The CSV reading capabilities of pgfplots lack escaping support. Consequently, the short answer is: there no way to (un)escape arbitrary CSV columns for pgfplots, sorry.

There is also no builtin support to plot datetimes at the required precision (your data files live on a scale of deciseconds or milliseconds).

You comment indicates that you are searching for a fully fledged and robust solution which simply works in all case. In this case you may need to evaluate a different tool.

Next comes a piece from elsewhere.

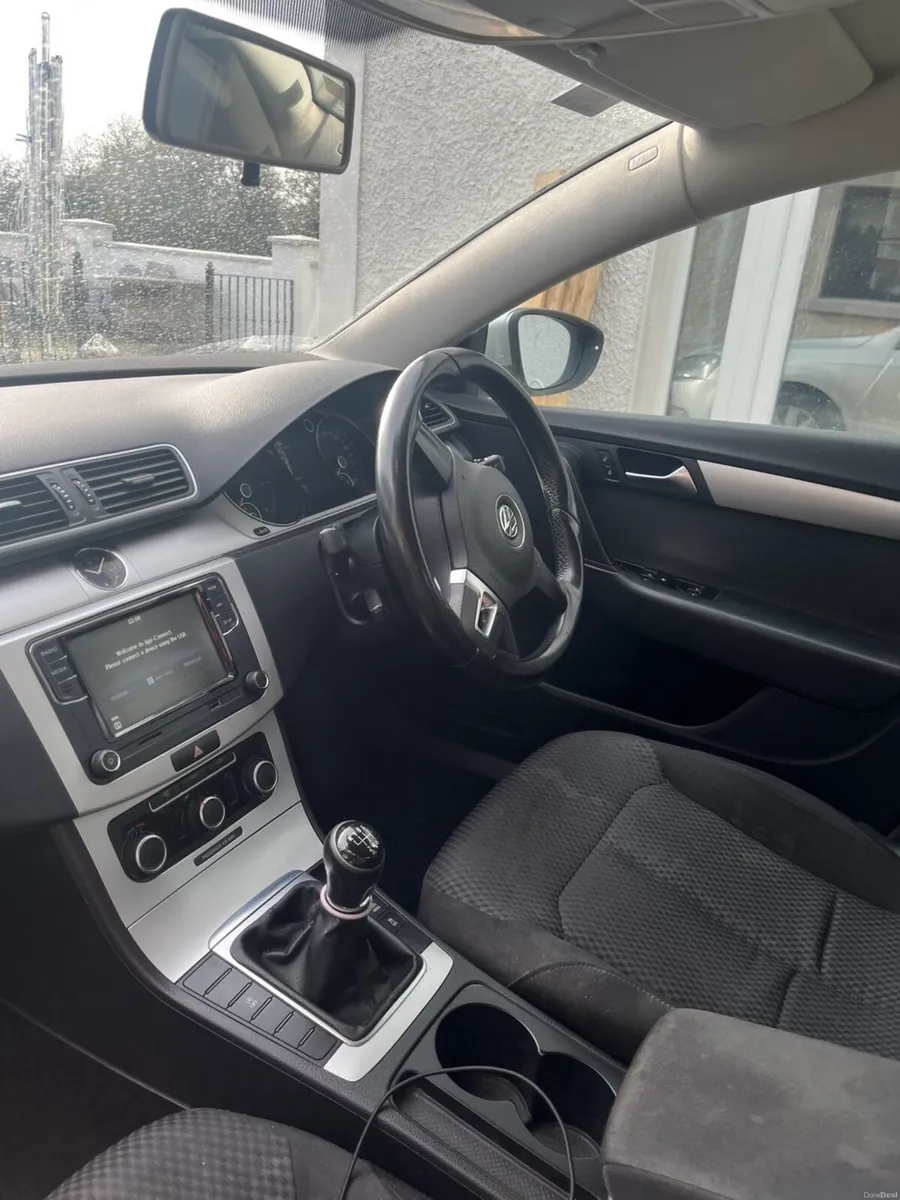VW Passat bluemotion TDI (105) Saloon 1598cc 1.6L - Image 3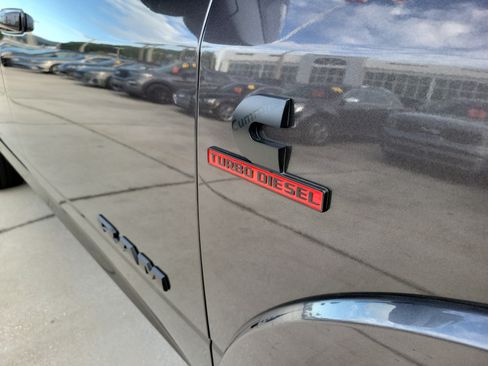 Used 2025 RAM 2500 Limited AWD/4WD image 6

That said, there are ways to get the plot that you asked for. This stretches the limits of pgfplots beyond its builtin capabilities, and is not stable for all input types, so beware.

Regarding the question how to read the data files: pgfplots comes with support to silently ignore characters from the input files. In your case, that would suffice to read the files. The way to go would be something like

\addplot table [x=clock, y=created_at, col sep=comma, ignore chars={\#,\"}] {./processor.csv};

in which case any occurrence of either " or # would silently be stripped away. This really reads all records of the attached file.

Fortunately, this data file contains no , characters inside of the string columns (which is pure luck, of course - it would fail as soon as a data set contains a comma).

There is another limitation of pgfplots, as mentioned above: your data files use datetimes on one of the axes, and the provided data file lives on a scale of tens of seconds. Pgfplots, however, has to use the limited arithmetics offered by TeX (max 32 bit integers) and supports at most datetime ranges with minute scales.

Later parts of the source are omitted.